[[ Records open ]]

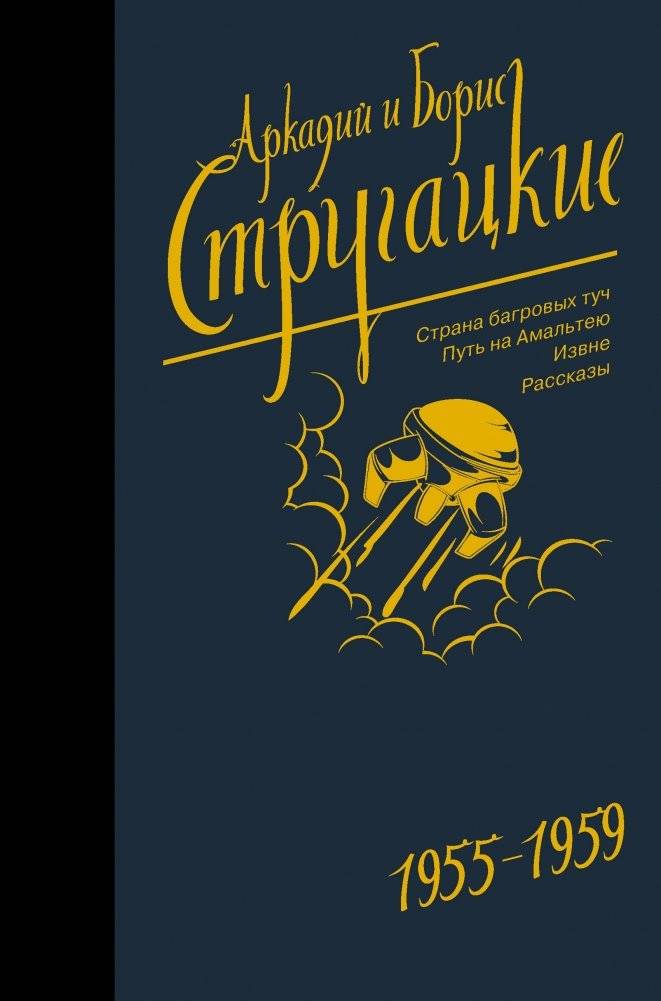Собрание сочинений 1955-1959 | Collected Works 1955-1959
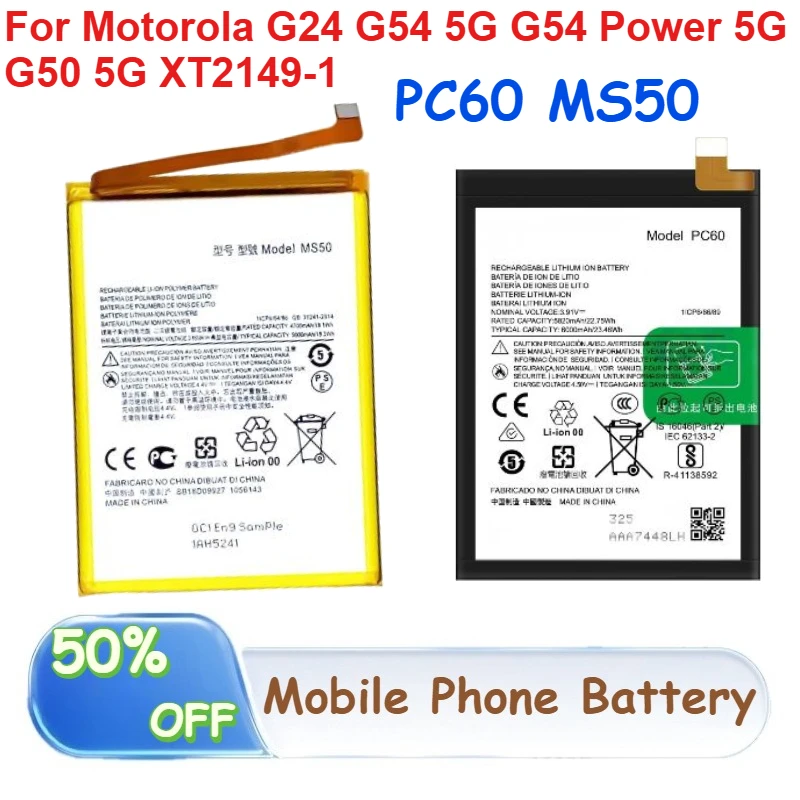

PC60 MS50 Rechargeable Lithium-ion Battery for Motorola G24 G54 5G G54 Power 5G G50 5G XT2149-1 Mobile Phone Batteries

[[ Records closed ]]
[[ Records open ]]

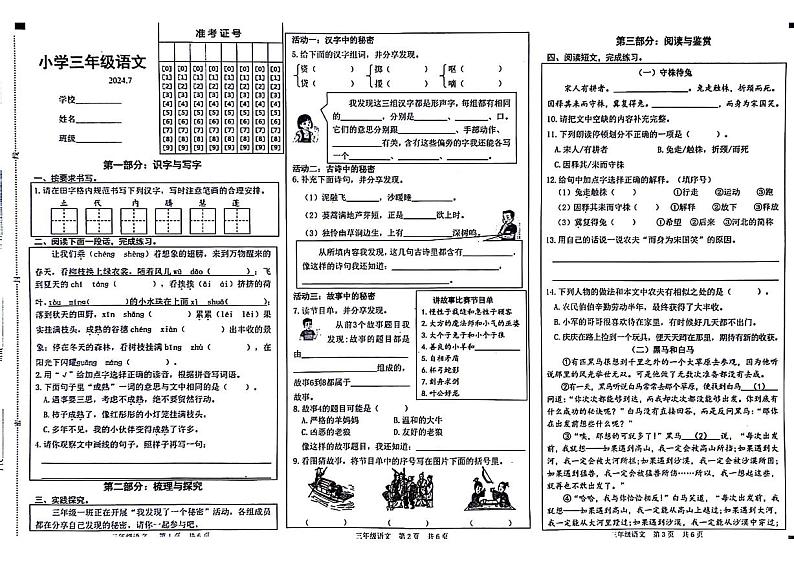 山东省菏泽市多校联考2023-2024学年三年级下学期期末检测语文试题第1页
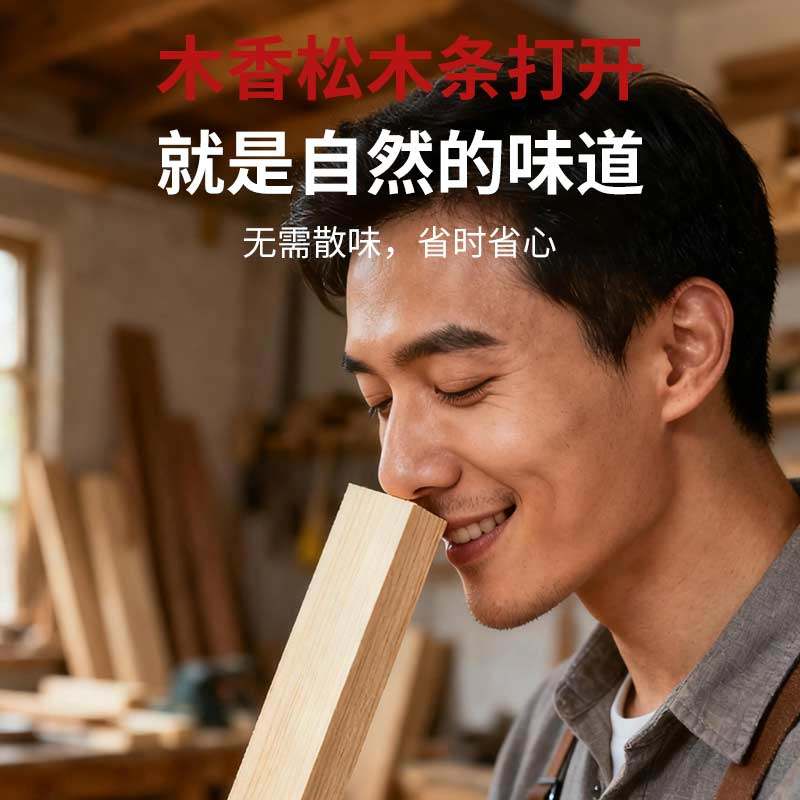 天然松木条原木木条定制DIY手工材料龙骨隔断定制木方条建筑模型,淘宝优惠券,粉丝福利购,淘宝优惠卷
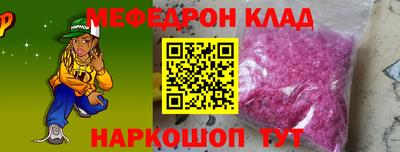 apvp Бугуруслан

[[ Records closed ]]
[[ Records open ]]

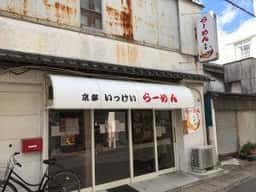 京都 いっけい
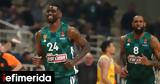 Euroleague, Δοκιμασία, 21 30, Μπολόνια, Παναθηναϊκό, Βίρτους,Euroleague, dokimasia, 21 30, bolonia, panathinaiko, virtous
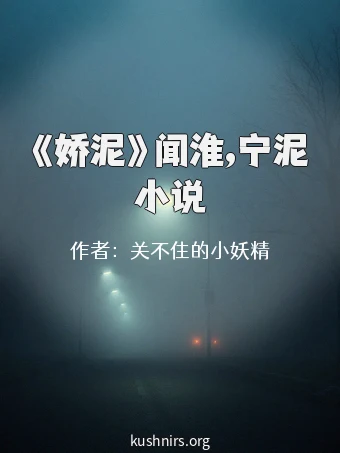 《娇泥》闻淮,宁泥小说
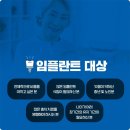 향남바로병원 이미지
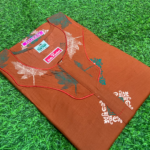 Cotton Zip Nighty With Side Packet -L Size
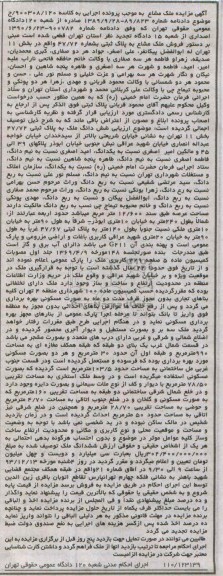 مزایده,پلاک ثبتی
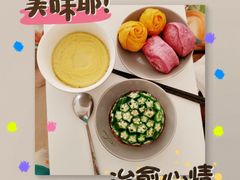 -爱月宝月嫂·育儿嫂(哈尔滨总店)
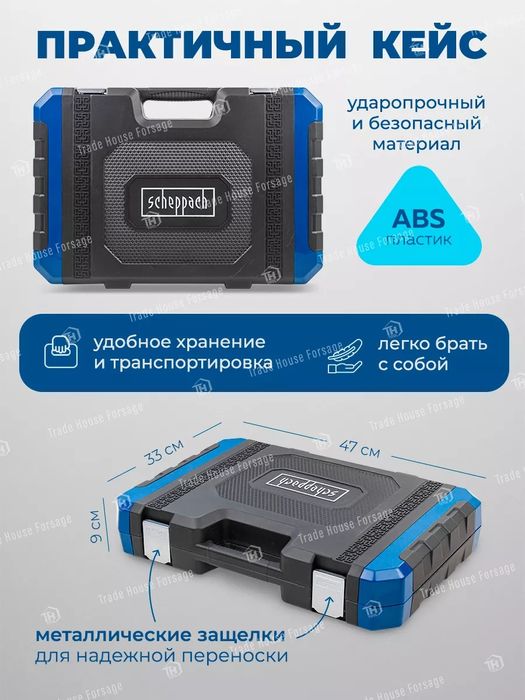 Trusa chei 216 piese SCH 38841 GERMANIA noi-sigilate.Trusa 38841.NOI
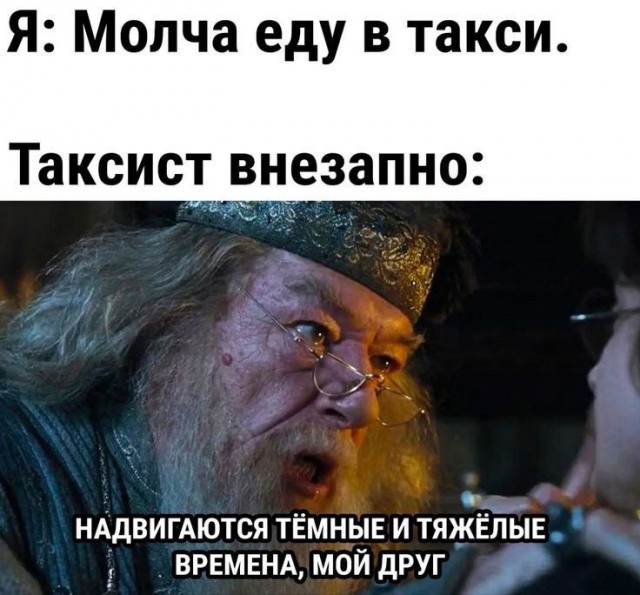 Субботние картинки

[[ Records closed ]]

Although pictures appear among the entries, please set down only the lines from the one with "Собрание сочинений 1955-1959" up to and including the one with "PC60 MS50 Rechargeable", word for word.

- _Solution to this exercise_:
Собрание сочинений 1955-1959 | Collected Works 1955-1959

PC60 MS50 Rechargeable Lithium-ion Battery for Motorola G24 G54 5G G54 Power 5G G50 5G XT2149-1 Mobile Phone Batteries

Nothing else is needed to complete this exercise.